Аня подошла к обгорелым останкам. Через еще не выветрившееся удушливое дыхание пожарища она чувствовала запахи комнат, гостиной, кухни, спальни, мастерской… Или ей это только казалось?
— Ты плачешь? — удивился внешне совершенно спокойный Иероним.
— Так, немного… Что-то стало грустно. Старик ко мне хорошо относился.
— Отца имеешь в виду?
— Вообще-то, я говорю про старый дом Лонгиных, — ответила Аня. — Но ты сейчас сказал про Василия Ивановича, и я поняла, что не разделяла их — человека и его дом. Может, это глупости. Ты так, конечно, и подумал. Но я совсем мало общалась с твоим отцом. Он умер через три месяца после нашей свадьбы. Я с ним никогда толком и не разговаривала.
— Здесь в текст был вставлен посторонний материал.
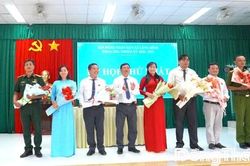 HĐND xã Long Bình: Đổi mới phương thức, nâng cao chất lượng hoạt động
Обменялись несколькими фразами и все. Мне потом казалось, что душа Василия Лонгина бродит по дому… Нет, не то. Как бы тебе объяснить? Я их никак не разделяла — твоего отца и твой дом. Я даже не совсем почувствовала смерть Василия Ивановича, потому что его часть была жива. Так говорят, обычно, про произведения художников, их творения. Помнишь? «Нет, весь я не умру. Душа в заветной лире мой прах переживет и тленья убежит…» Душа твоего отца была в этом доме. Нельзя было ее тревожить, спорить, делить коллекцию. Все должно было остаться как есть. Поэтому такое странное завещание. Василий Иванович чудачил, но он, мне кажется, намекал нам, живущим еще обычной жизнью, чтобы не трогали его душу… А теперь он умер. Душа его умерла.